State of Conservation (SOC)
- Effects arising from use of transportation infrastructure
- Management systems/ management plan
- Water (rain/water table)
Inscription on the Danger List
Threats to the Site:
A land-reclamation programme for the agricultural development of the region, funded by the World Bank, has caused in the past ten years a dramatic raise of the water table. The local soil, which is exclusively clay, is hard and capable of supporting buildings when in a dry state, but becomes semi-liquid with excess water. The destruction of numerous cisterns, disseminated around the city, has entailed the collapse of several overlying structures. Huge underground cavities have opened in the north-western region of the town. The risk of collapse is so high that the authorities were forced to fill with sand the bases of some of the most endangered buildings, including the crypt of Abu Mena with the tomb of the Saint, and close them to the public. A large banked road, moreover, was executed to enable movement within the site.

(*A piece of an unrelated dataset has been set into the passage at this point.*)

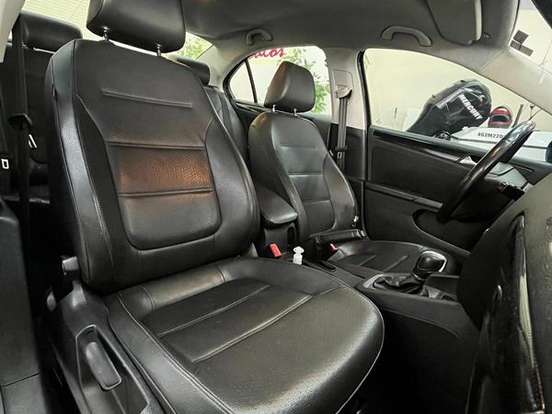 VOLKSWAGEN-JETTA-2.0 COMFORTLINE FLEX 4P MANUAL VOLKSWAGEN-JETTA-2013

The Supreme Council of Antiquities is trying to counteract this phenomenon by digging trenches, and has enlarged the listed area in the hope of lowering the pressure of the irrigation. These measures, however, have proved to be insufficient, taking into account the scale of the problem and the limited resources available.
The threats indicated are listed in alphabetical order; their order does not constitute a classification according to the importance of their impact on the property.
Furthermore, they are presented irrespective of the type of threat faced by the property, i.e. with specific and proven imminent danger (“ascertained danger”) or with threats which could have deleterious effects on the property’s Outstanding Universal Value (“potential danger”).